The Washington Post reports the White House is planning for an extended conflict in Ukraine. Leaders in NATO, the UK and Germany have joined the US in support of a long war. However, there is anxiety among some in the Western alliance that war fatigue will set in and support for Kiev will dry up.
The Post reported an unnamed senior State Department official said, "Biden administration officials had discussed the possibility of a protracted conflict with global spill-over effects even before February, as U.S. intelligence suggested Putin was preparing to invade."

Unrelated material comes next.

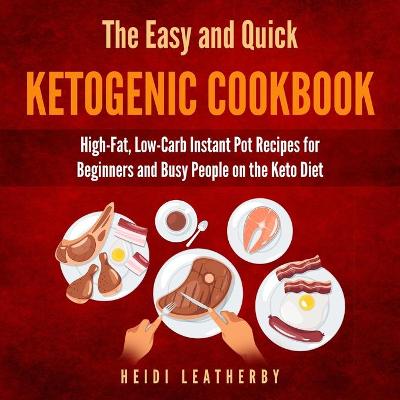 Book cover for The Quick and Easy Ketogenic Cookbook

Secretary of Defense Lloyd Austin said, "We’re here to dig in our spurs." Austin made the comment during a meeting of the Ukraine Defense Contact Group. At the conference, the defense secretary announced Germany was sending long-range rockets to Kiev, and Slovakia was sending Mi-series helicopters.
The White House followed the conference by announcing a $1 billion weapons transfer to Ukraine. The package includes Harpoon anti-ship missiles and 155MM howitzers. On Friday, Ukrainian officials claimed a Harpoon missile was used to sink a Russian tug boat in the Black Sea. In a now-deleted tweet, a Ukrainian official said that Western countries were planning to arm Ukraine with the anti-ship missiles to sink Russian ships in the Black Sea.
On Sunday, NATO Secretary-General Jen Stoltenberg said, “We must prepare for the fact that it could take years. We must not let up in supporting Ukraine.” He added, "Even if the costs are high, not only for military support, also because of rising energy and food prices.”
UK Prime Minister Boris Johnson made his second trip to Keiv since Russia invaded on February 24. While meeting with President Volodymyr Zelensky, Johnson pledged the UK would train 10,000 Ukrainian troops every 120 days. "The UK is with you, and we will be with you until you ultimately prevail,” Johnson said.
German Chancellor Olaf Scholz indicated Ukraine should expect more support from the West. He said at an upcoming Group of Seven summit the attendees will make clear Kiev can expect to receive the support it needs "for as long as necessary."